# Toro 522 issue with idle



## huwge23 (Nov 19, 2014)

It has the fixed jet carb so I am not sure how to fix an idle issue. When I initially start up it runs nicely. When I engage the auger there are no issues. I get the the end of my driveway on the first pass and it starts to run funny. It won't throw snow efficiently and gets clogged easily. I am only going through about 6 inches of snow and it is not terribly heavy. 

So far I have replaced the carb as the old one was very dirty and it was cheap to put a new one on. I also replaced the spark plug as I didn't know how old it was. 

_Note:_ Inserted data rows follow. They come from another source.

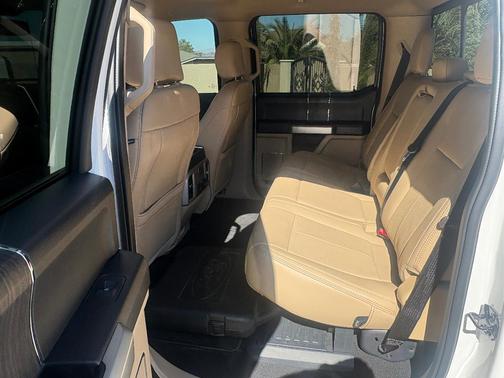 White 2020 Ford F-450 Lariat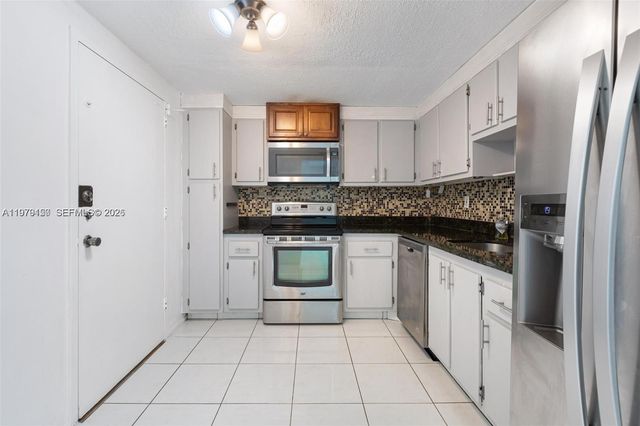 13155 Ixora Ct 406, North Miami, FL 33181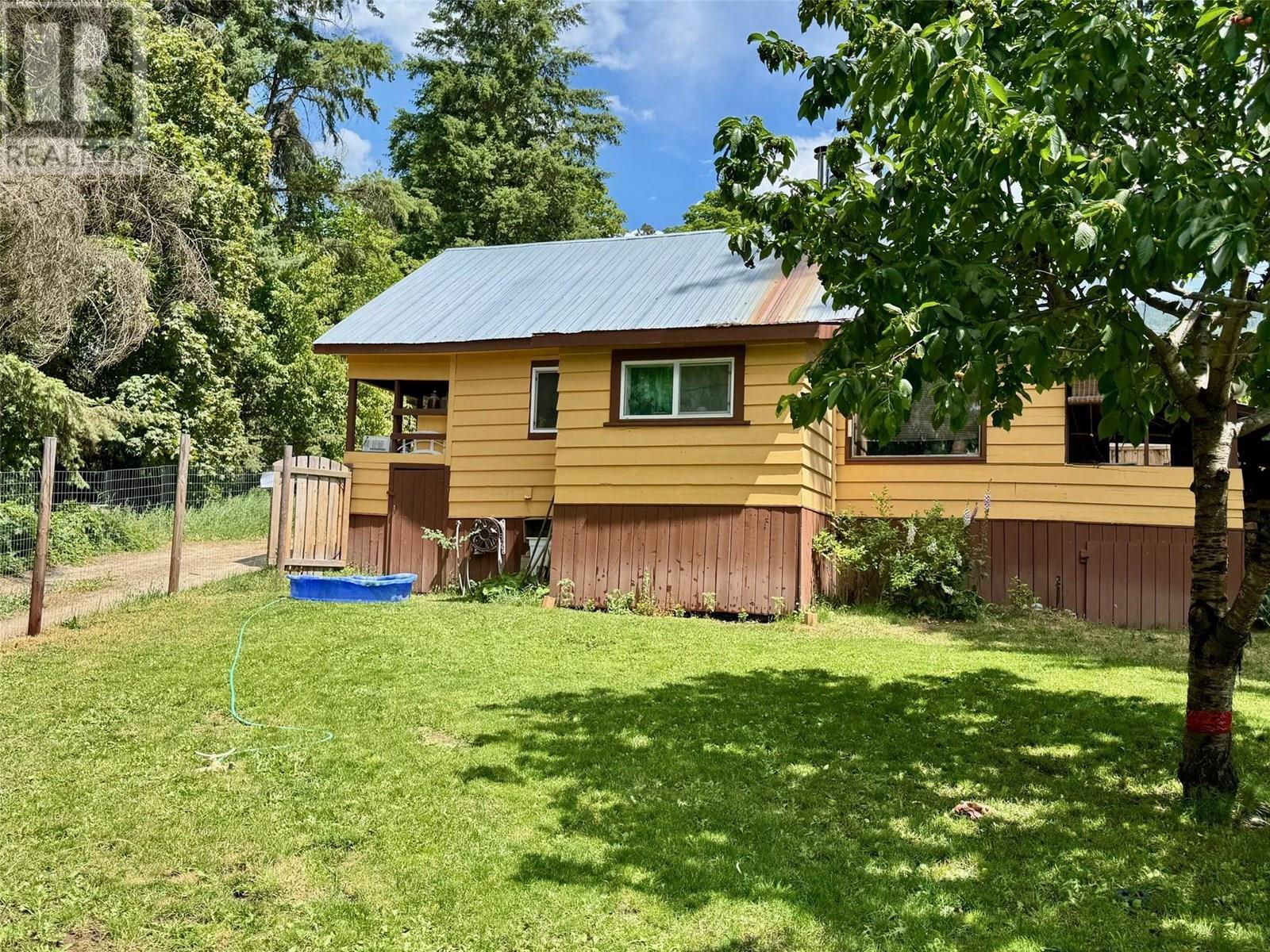 5128 Duck Creek Road, Wynndel, BC - Outdoor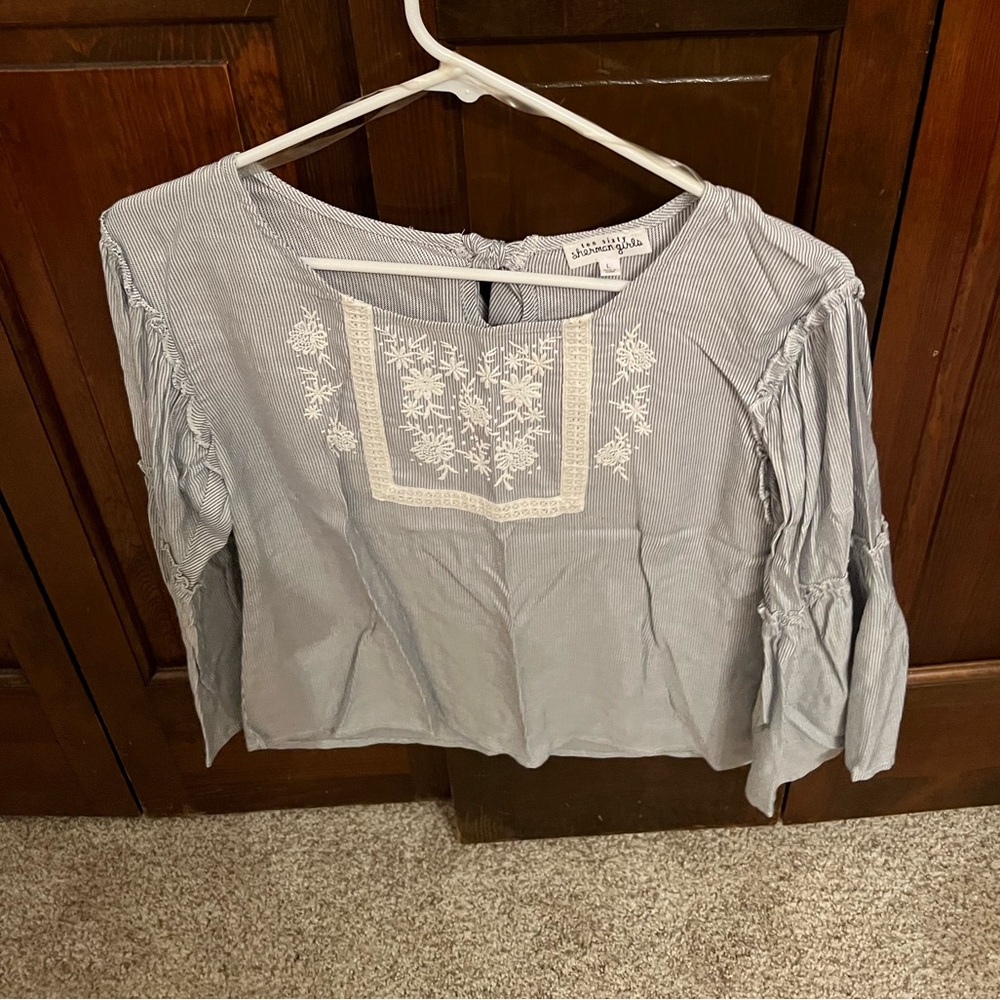 Sherman girls embroidered top- size children’s L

Not really sure what else I can do. Any ideas?


----------



## detdrbuzzard (Jan 20, 2012)

hello huwge, welcome to *SBF!!* have the belts been changed


----------



## huwge23 (Nov 19, 2014)

Thank you and no I have not that make good sense though. I will give that a try.


----------



## detdrbuzzard (Jan 20, 2012)

my 521 started running funny just before the belt broke, seeing that it apart may as well change both belts that way you'll know how old they are


----------



## UNDERTAKER (Dec 30, 2013)

CHECK the impeller bearing also. ALOHA to the forms.


----------



## huwge23 (Nov 19, 2014)

I will do that as well. I am also suspecting the 5hp is not enough to get through the snow we are dealing with in Buffalo right now.


----------



## detdrbuzzard (Jan 20, 2012)

take your time in first gear and don't over work the machine


----------



## 43128 (Feb 14, 2014)

my toro 824 38080 started doing that, replaced the carb 3 times thinking the ones they sent me were bad, turned out to be a leaking exhaust valve. i said screw it, and just replaced the engine with a 196cc honda clone, no problems yet


----------



## huwge23 (Nov 19, 2014)

detdrbuzzard said:


> take your time in first gear and don't over work the machine


I haven't gone over first gear at all and can't go more than a couple feet at a time. It just seems to clog too easily.


----------